- [Your task]:
In the entries that follow, find the line containing "女性100名へのアンケート結果から人気脱毛店を厳選" and the line containing "Teren de 625 mp, în Central - 1", then copy exactly everything from the first through the second except the pictures.

- [Supplied material]:
■ ■ ■ ■

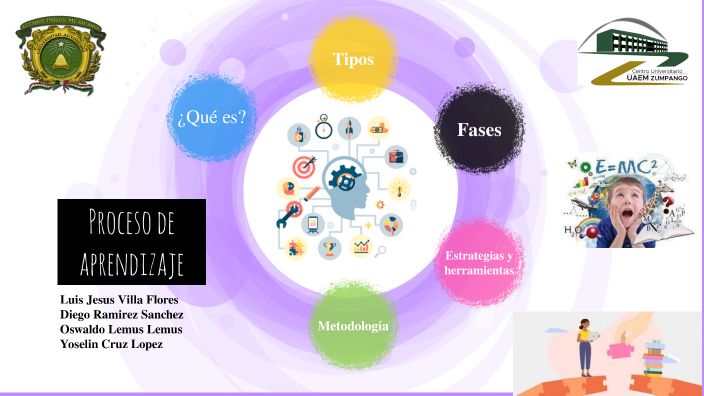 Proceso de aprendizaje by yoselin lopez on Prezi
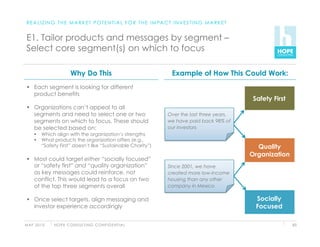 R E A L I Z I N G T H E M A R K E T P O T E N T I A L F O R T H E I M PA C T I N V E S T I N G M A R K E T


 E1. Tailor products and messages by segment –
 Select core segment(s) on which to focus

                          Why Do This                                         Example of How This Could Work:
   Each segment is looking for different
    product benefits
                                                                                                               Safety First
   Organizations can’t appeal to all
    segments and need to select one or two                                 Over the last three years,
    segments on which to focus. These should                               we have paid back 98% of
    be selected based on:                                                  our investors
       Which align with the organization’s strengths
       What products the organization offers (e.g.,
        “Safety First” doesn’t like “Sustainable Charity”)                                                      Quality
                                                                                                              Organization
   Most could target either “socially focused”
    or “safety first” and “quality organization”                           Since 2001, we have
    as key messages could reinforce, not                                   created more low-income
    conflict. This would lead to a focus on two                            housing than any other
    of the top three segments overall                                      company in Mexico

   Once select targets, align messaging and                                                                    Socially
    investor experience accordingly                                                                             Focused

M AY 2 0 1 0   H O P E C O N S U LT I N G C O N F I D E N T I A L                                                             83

■ ■ ■ ■

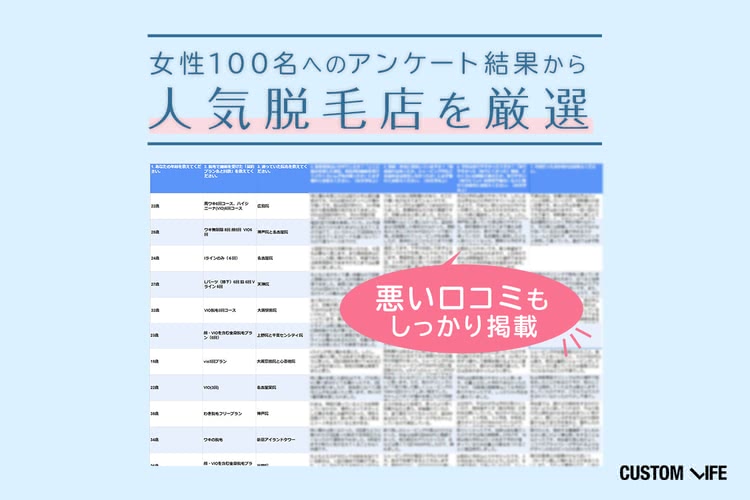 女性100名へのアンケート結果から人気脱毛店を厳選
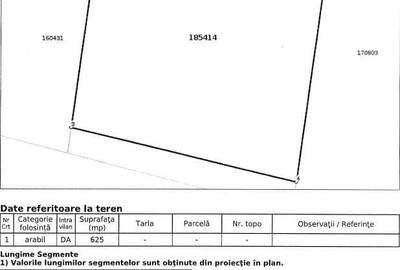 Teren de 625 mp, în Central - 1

■ ■ ■ ■

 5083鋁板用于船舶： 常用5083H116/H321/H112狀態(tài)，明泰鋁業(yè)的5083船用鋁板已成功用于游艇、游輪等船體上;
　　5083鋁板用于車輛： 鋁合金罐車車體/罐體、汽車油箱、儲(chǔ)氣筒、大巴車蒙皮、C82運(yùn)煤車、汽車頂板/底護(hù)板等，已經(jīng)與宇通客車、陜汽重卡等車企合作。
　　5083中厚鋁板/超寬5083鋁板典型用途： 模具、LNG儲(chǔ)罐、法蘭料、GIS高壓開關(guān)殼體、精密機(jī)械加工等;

■ ■ ■ ■

- [Output of the exercise]:
 女性100名へのアンケート結果から人気脱毛店を厳選
 Teren de 625 mp, în Central - 1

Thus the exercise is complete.